Vingt-neuf nouvelles espèces de bégonias ont été décrites, pour la plupart dans les forêts de Malaisie. | Royal Botanic Garden Kew

C’est une publication qui ravira les naturalistes et, plus largement, les amoureux du monde végétal. Les Jardins botaniques royaux de Kew, organisation scientifique qui gère notamment les célèbres Kew Gardens de la banlieue londonienne, inscrits au patrimoine de l’Unesco, livrent, jeudi 18 mai, la deuxième édition de leur rapport annuel sur l’état des lieux mondial des plantes. Un « herbier » auquel ont contribué 128 scientifiques de 12 pays.

On y apprend que 1 730 nouvelles espèces de plantes ont été découvertes en 2016 sur la planète, dont certaines constitueront peut-être des aliments du futur. C’est le cas de onze variétés brésiliennes de manioc (Manihot esculenta), la denrée de base la plus répandue dans le monde après le maïs et le riz. Ces nouvelles variétés pourraient contribuer à diversifier la production du manioc, estiment les auteurs, en permettant sa culture sous des climats plus arides que ceux où il pousse aujourd’hui.

C’est aussi le cas de sept variétés d’Asphalathus, plus connu sous le nom de « thé rouge » ou rooibos en Afrique du Sud. Six d’entre elles sont malheureusement menacées d’extinction. Font aussi leur entrée dans l’inventaire de la flore comestible un panais (Pastinaca) de Turquie, un câprier (Capparis) des Philippines, ou encore du gingembre (Zingiber) d’Extrême-Orient.

Une nouvelle variété de panais découverte en Turquie. | Ali Kandemir

D’autres trouvailles intéresseront les adeptes des médecines traditionnelles, comme de nouvelles variétés de plantes grimpantes de la famille des Mucuna, qui produisent notamment le pois mascate, prisé par la médecine ayurvédique pour ses effets anti-vieillissement. Neuf espèces jusqu’ici inconnues ont été trouvées en Asie du Sud-Est, en Amérique centrale et en Amérique du Sud. Plus globalement, le rapport évalue à plus de 28 000 le nombre d’espèces végétales aujourd’hui utilisées à des fins médicinales, même si très peu d’entre elles sont répertoriées comme telles dans les publications scientifiques.

Pour le simple plaisir des jardiniers et des horticulteurs à la recherche de couleurs et d’odeurs inédites, le rapport fait également état d’une moisson de nouvelles plantes ornementales, dont vingt-neuf espèces de bégonias repérées en Malaisie, et pas moins de 336 espèces d’orchidées poussant dans les forêts tropicales.

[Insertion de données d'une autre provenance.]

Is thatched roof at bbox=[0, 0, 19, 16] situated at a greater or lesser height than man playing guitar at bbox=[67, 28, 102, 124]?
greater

« Fondamental pour la vie humaine »

Les auteurs ne se contentent pas de cette brassée de découvertes. Ils pointent aussi les dangers que représentent, pour les écosystèmes, les plus de 6 000 plantes envahissantes désormais recensées sur le globe. Ils soulignent aussi les menaces qui pèsent sur le monde végétal, dont les incendies qui, chaque année, calcinent quelque 340 millions d’hectares, et surtout le changement climatique.

Une orchidée trouvée sur l’île de Madagascar, dont 83 % des plus de 11 000 plantes vasculaires ne poussent nulle part ailleurs. | Andre Schuiteman

Un chapitre s’attache à décrire et tenter d’expliquer les différences de vulnérabilité, au sein du règne végétal, vis-à-vis du réchauffement. Il met en évidence que les plantes possédant des feuilles et des écorces épaisses, des racines profondes, une matière ligneuse dense, ou mettant en œuvre des stratégies d’utilisation de l’eau plus efficaces, sont mieux armées face aux sécheresses, aux feux et à la hausse des températures. Ce qui, commentent les auteurs, pourrait orienter les choix des agriculteurs, qui auraient par exemple intérêt à privilégier des graminées à racines longues sur les terrains où les climats futurs seront plus secs, plutôt que des cultures à racines courtes telles que le blé.

« Une connaissance détaillée des plantes est fondamentale pour la vie humaine sur Terre, écrit Kathy Willis, directrice scientifique des Jardins botaniques royaux de Kew. Elles sont à la base de tous les domaines de notre vie quotidienne, de la nourriture que nous mangeons aux vêtements que nous portons, aux matériaux que nous utilisons, à l’air que nous respirons et aux médicaments que nous prenons. » Les plantes, ajoute-t-elle, « sont les fondements des écosystèmes mondiaux et elles contiennent potentiellement des solutions pour vaincre certains de nos problèmes les plus urgents ». Un patrimoine vert que le rapport veut inciter à « protéger et conserver ».